A consulting firm's expert witness explains what SAP and a global manufacturer did -- and didn't do -- that led to a major SAP ERP implementation failure.

I was asked to write an article about the lessons learned from a certain failed SAP ERP implementation and its...

causes from both the client's and SAP's perspective. As director of expert witness services for Panorama Consulting Solutions, I have been involved in the firm's highest growth area: expert witness testimony, which is primarily used by law firms that work for software developers, systems integrators and those companies' customers.

An independent ERP consulting firm, Panorama has worked on numerous SAP ERP implementation projects on both the SAP and customer sides. In the case discussed here, we represented SAP in an implementation gone wrong that eventually ended up in court.   

We have been exposed to a number of poorly executed SAP ERP implementations. Due to the size of most SAP implementations, many of those that fail or have performance issues tend to end in litigation more often than with tier-two vendors, such as Epicor or IFS.

For confidentiality reasons, I cannot mention the name of the client or the players involved, but the lessons remain relevant nonetheless.

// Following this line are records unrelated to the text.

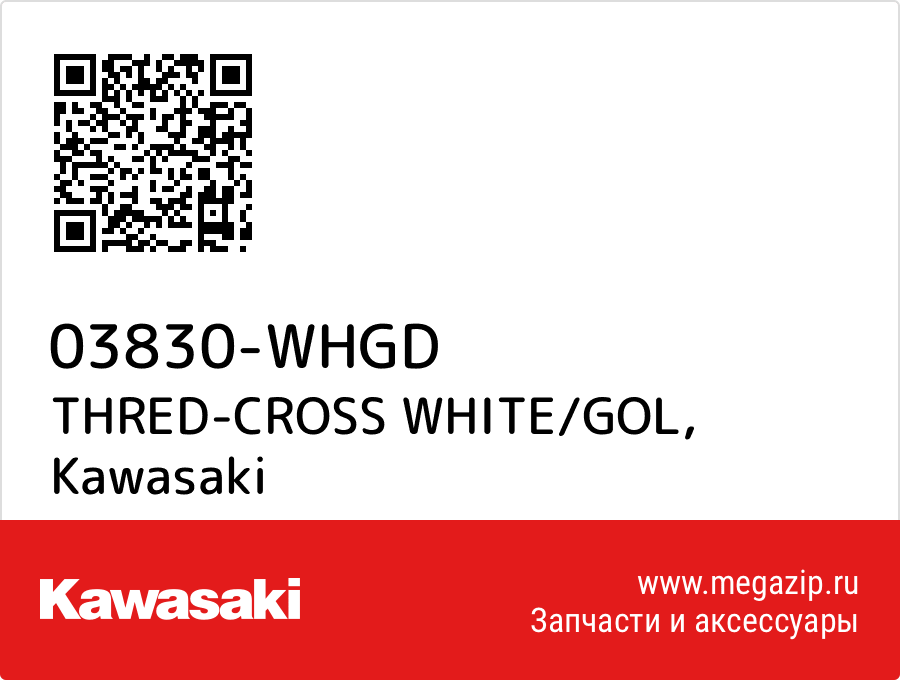 

THRED-CROSS WHITE/GOL Kawasaki 03830-WHGD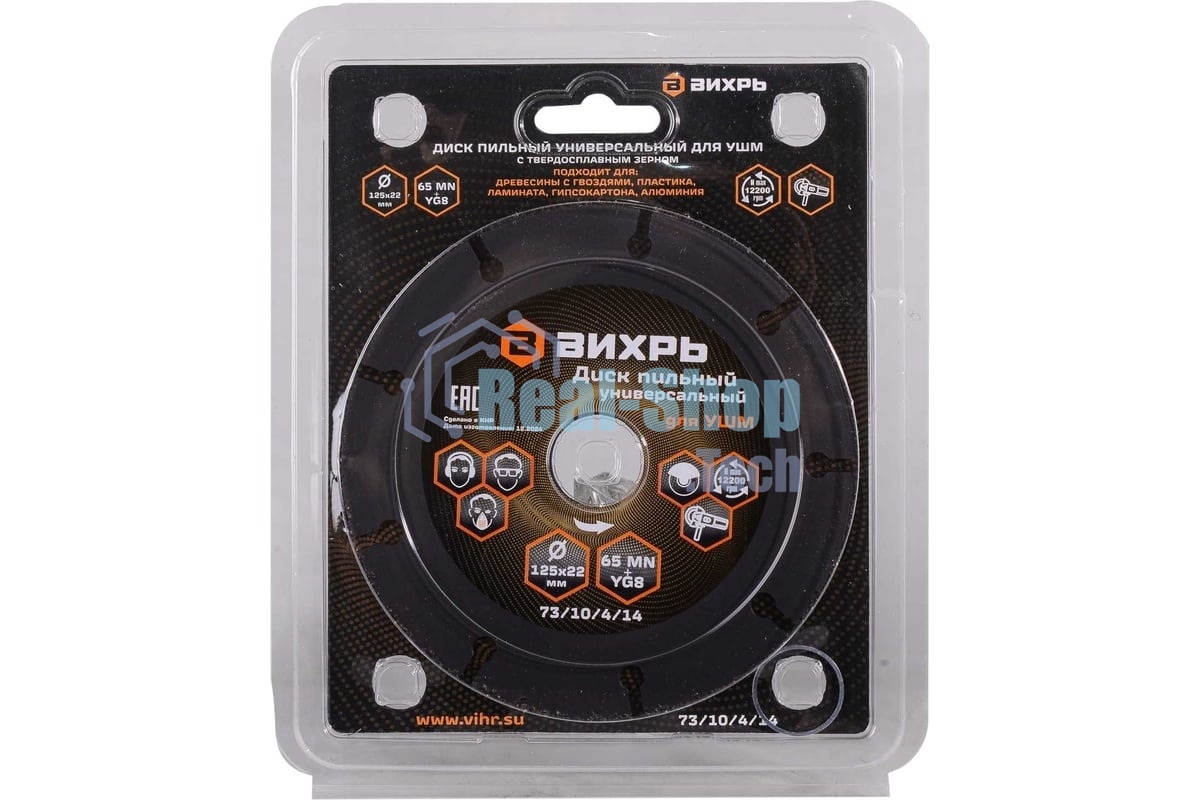 Диск пильный по дереву для УШМ Вихрь 125х22 мм, с твердосплавным зерном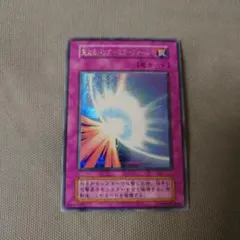 遊戯王 初期Vol.7 聖なるバリア−ミラーフォース− シークレットレア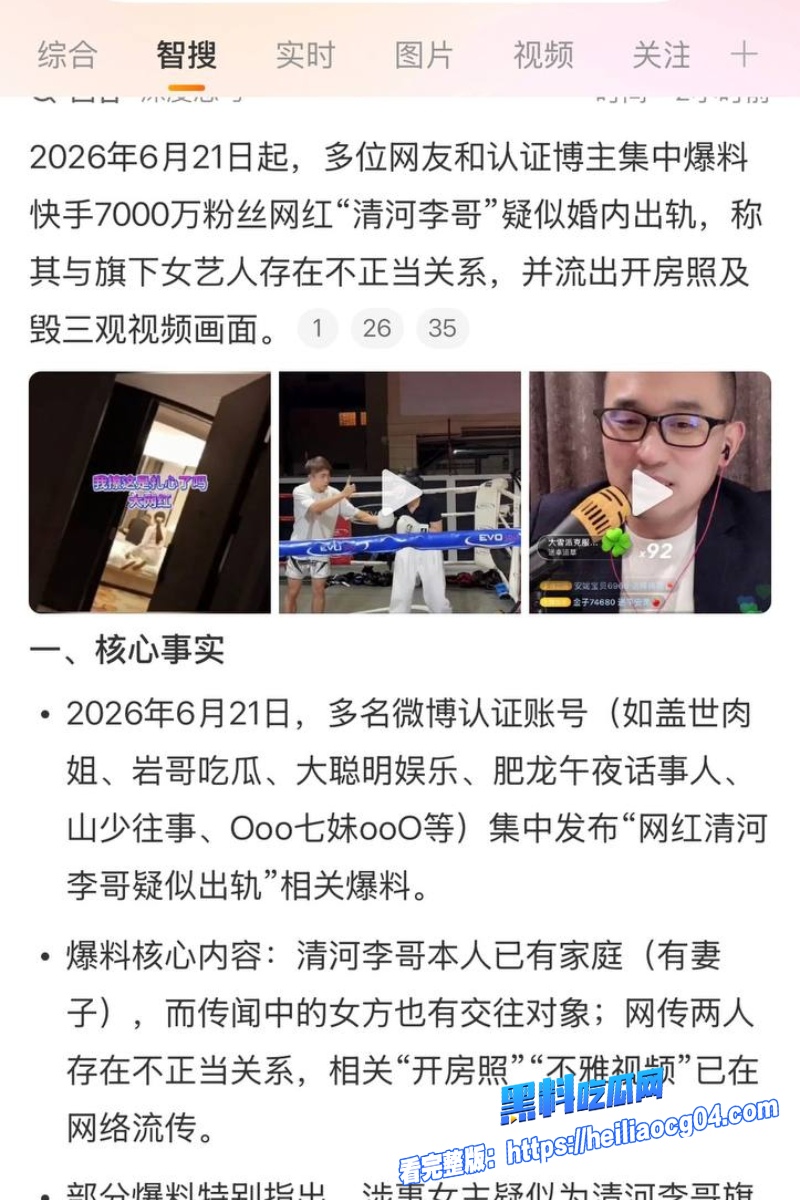 快手网红清河李哥20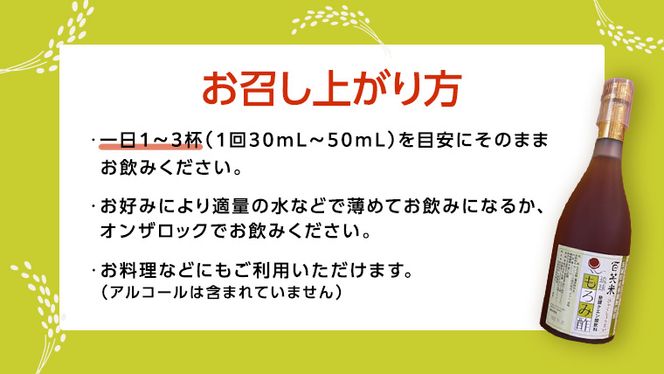 百笑米 の 華麗舞 使用！ もろみ酢 （ 720ml × 12本 ） 健康 酢 クエン酸 アミノ酸 ギャバ GAVA [AC027ci]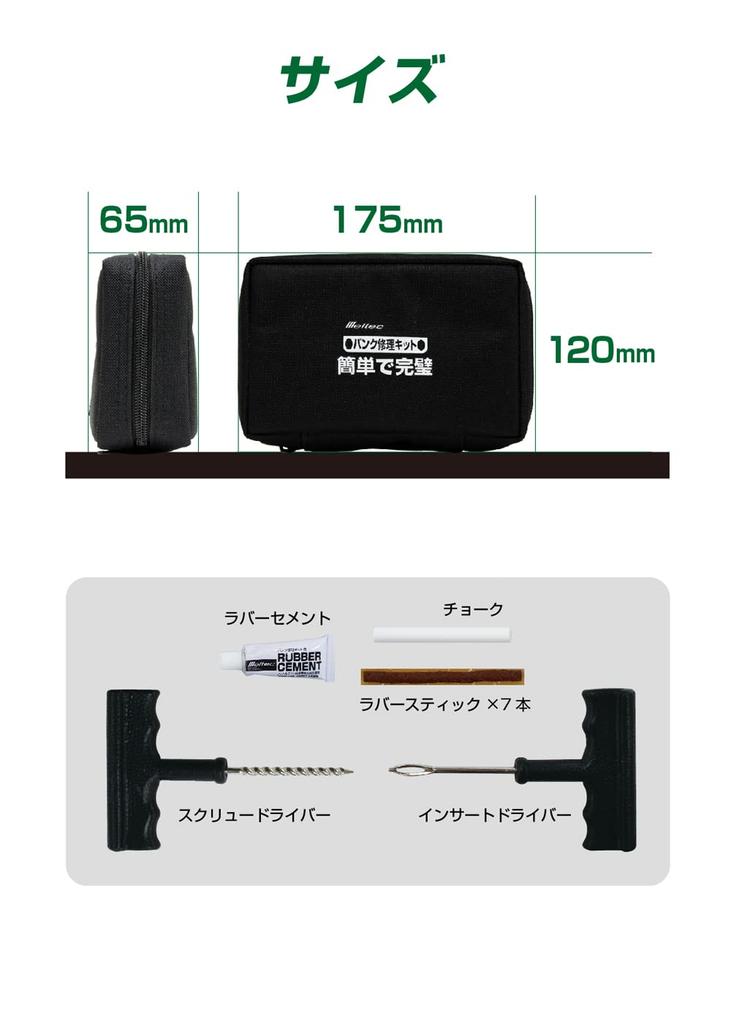 Meltec ML-331 Punk Repair Kit, For Motorcycles, Passenger Cars, 4WD Cars, Storage Case Included, Other 5 Types Set
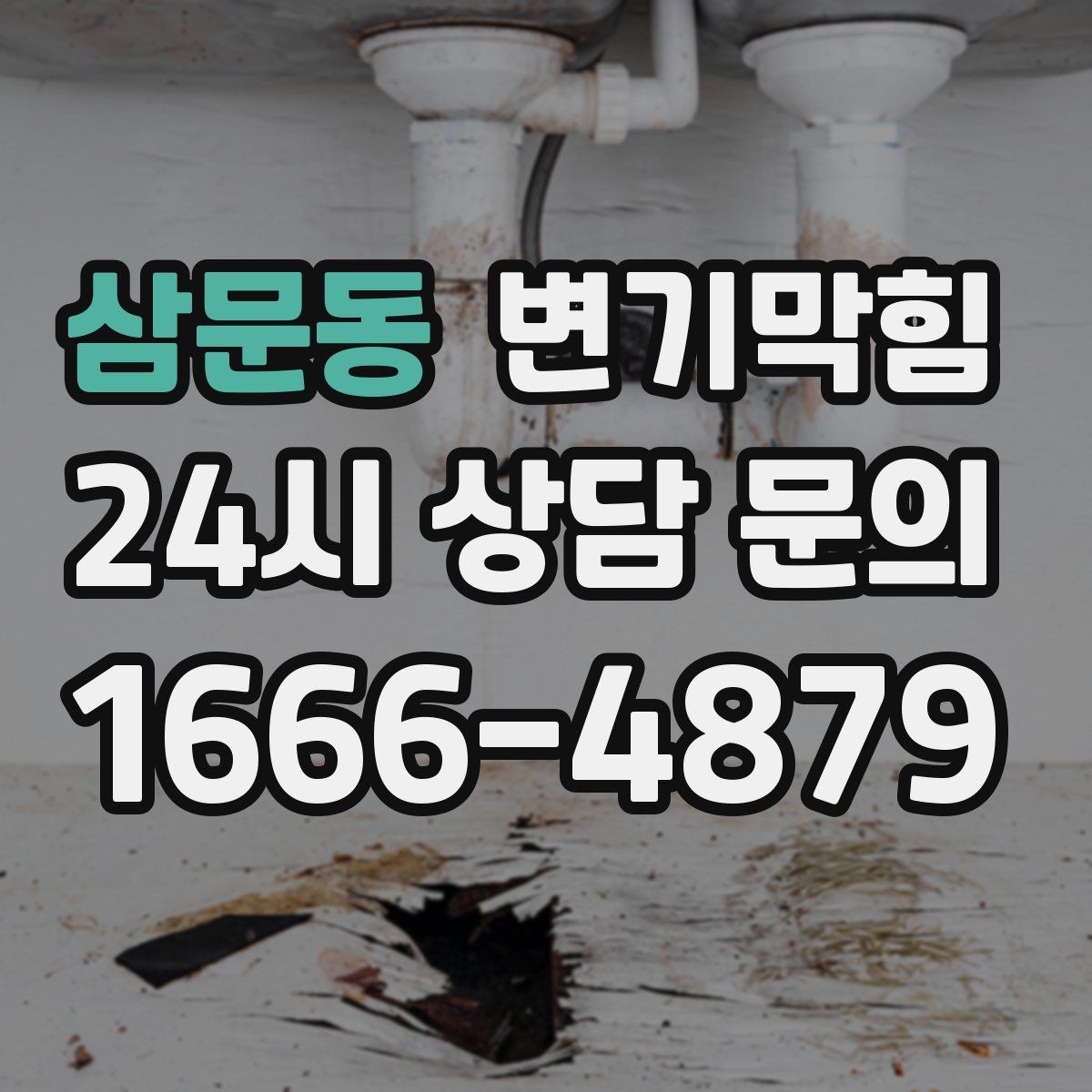 삼문동 변기막힘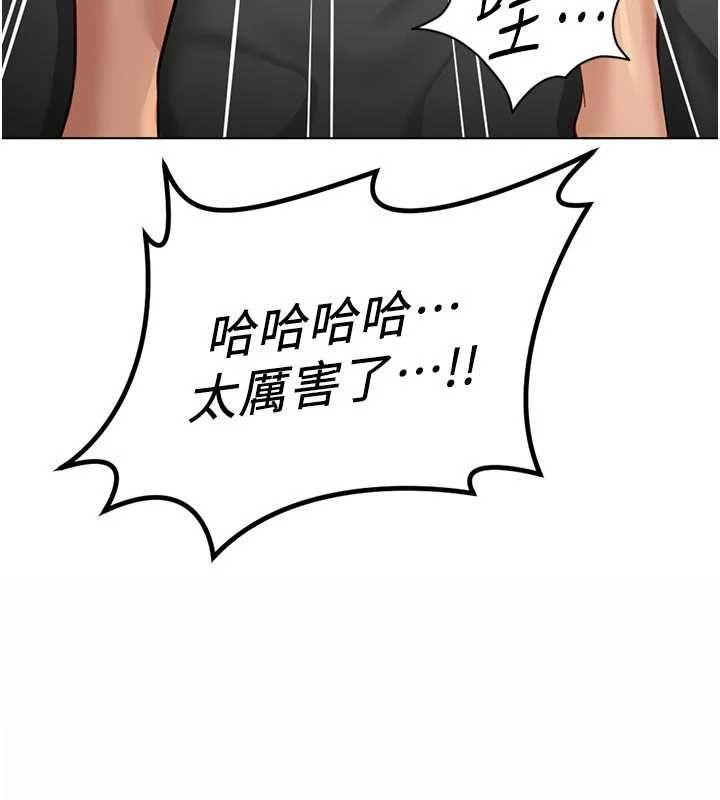 鲁蛇社畜的金手指 - 第67話-解放封印已久的本性 - page 38
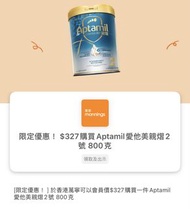 Yuu 萬寧卷  Aptamil 2號奶粉 800克
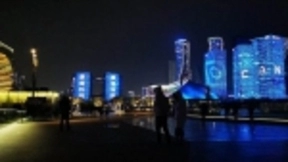 “芯”体验 | AI应用场景不断拓展，嘉楠勘智系列站在风口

SAP ERP implementation started well

First, some background on the SAP ERP implementation and ultimately the legal case. Through a request for proposals (RFP) process, SAP was selected as the system of choice for a large manufacturer, and subsequently awarded the project implementation. The geography of the ERP system spanned seven countries and 18 manufacturing facilities. SAP followed its standard ASAP implementation methodology from the start, but soon faced challenges from the client, who had agreed to the documents delineating each party's roles and responsibilities. The shortcomings on the customer's side included:

  1. Limited bandwidth from the core implementation team resulting in missed deliverables
  2. A lack of buy-in from executive leadership
  3. No execution of the recommended organizational change management communications strategy
  4. Excessive turnover, most notably of four project managers in three years.

SAP admirably tried multiple times to fill in the gaps left by the negligence of the customer during the project. Unfortunately, these efforts ultimately backfired on SAP when SAP attempted to take on responsibilities originally allocated to the client but without the time required to complete the tasks satisfactorily. The legal complaint indicates that SAP took on these added activities for a profit motive when in fact they were attempting to move the project to a successful conclusion.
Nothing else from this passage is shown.